| Author of the article here, and thought it's worth noting on: > No non-productive environment can help you: They don't have the same data or they do have the same data but the statistic sampling was slightly different. GoCardless still has a massive Postgres database (10TB or there-abouts) and only managed to scale it by investing heavily in tooling that helps developers work with it safely. One example is https://github.com/gocardless/draupnir, a tool to create instances of production datasets very quickly (just `eval $(draupnir new); psql` and you have a mini production in ~3s) so you could try things like adding indexes, tweaking the plan settings (`set enable_seq_scan='off'`) and reshaping the data to see how your planner behaved. I think it's very doable, though the planner still has blindspots. I had a side project to add linear correlation statistics to the planner that I abandoned when I stopped working with big Postgres databases, but that's an example of statistics that Postgres just doesn't track but lead to these pathological edge cases. I'd rather have the clever planner than not, though. I've a healthy appreciation for the heavy lifting Postgres can do for you. |
But it's not all roses and rainbows. Draupnir seem cool, but it can't help you avoid the problem, only fix it faster.

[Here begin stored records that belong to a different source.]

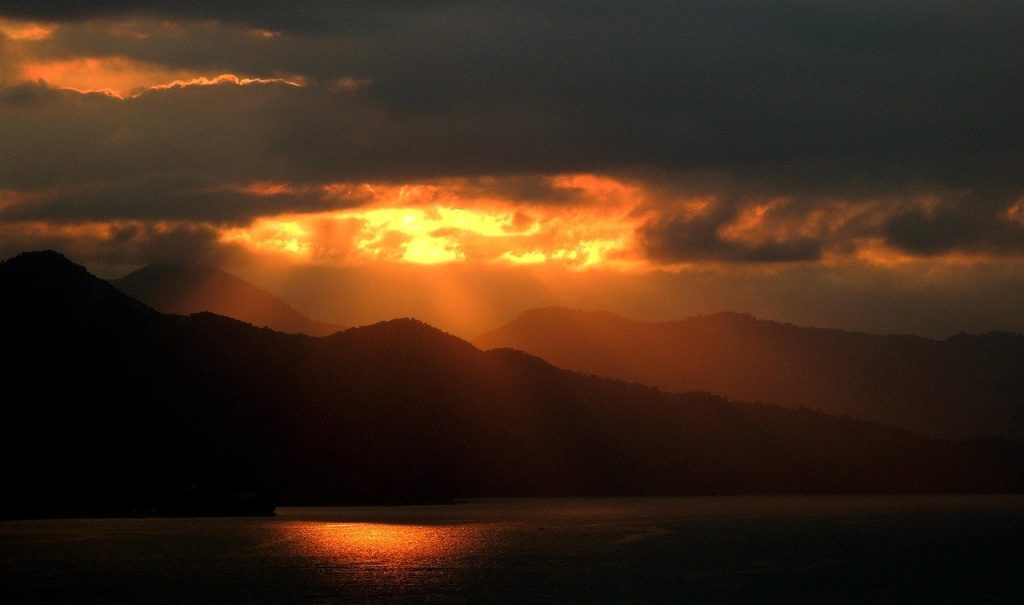 small-rocky-island-in-a-dark-open-sea-at-dusk-one-light-burning-on-it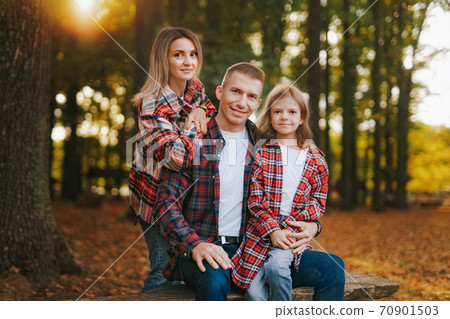 photo of a wonderful family in the autumn forest on a bench photo of a wonderful family in the autumn forest on a bench 70901503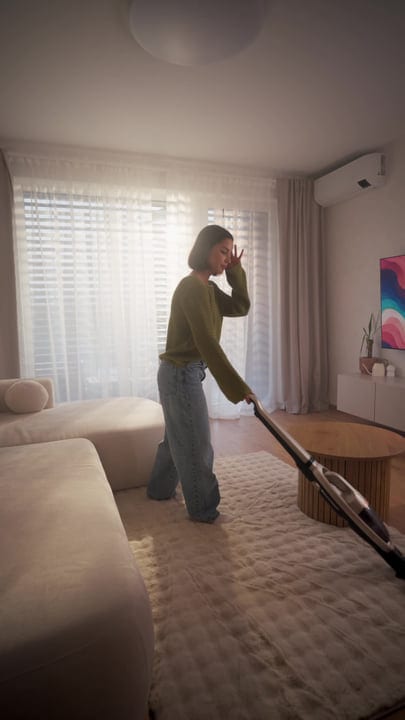 A Young Woman Cleans Her Modern Living Room With A Stick Vacuum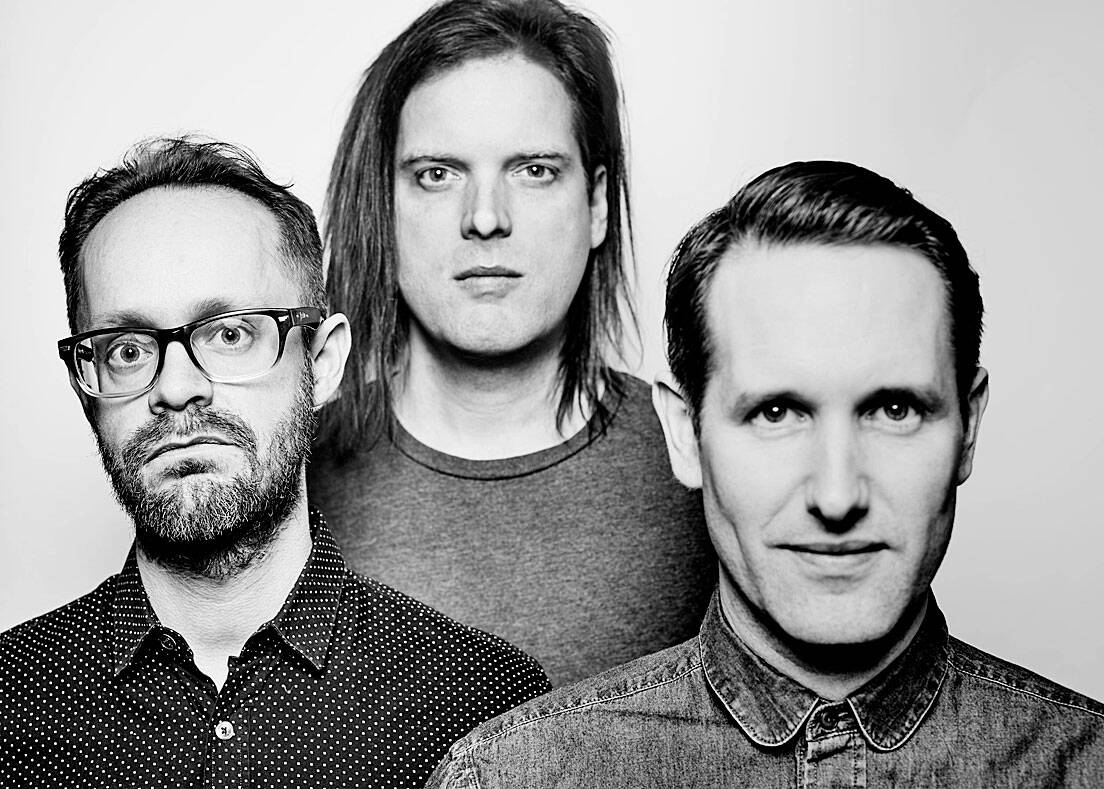 Black and white image of a musical band with three members, showcasing a professional and artistic vibe for music history and sound archive content.
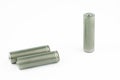Several AA batteries in perspective closeup view on white background Royalty Free Stock Photo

At the core, there is a trade off here: Performance for predictability. You see the same thing in compilers, JITs and sometimes even processor cores. There is an optimizer in these things, that works 99% of the time, and makes things clearly better than human effort alone allows. But once in a while it guesses wrong, and you fall off a performance cliff.
Meanwhile, predictability is valuable in production, even to the point you might want to trade a serious dent in your performance for it.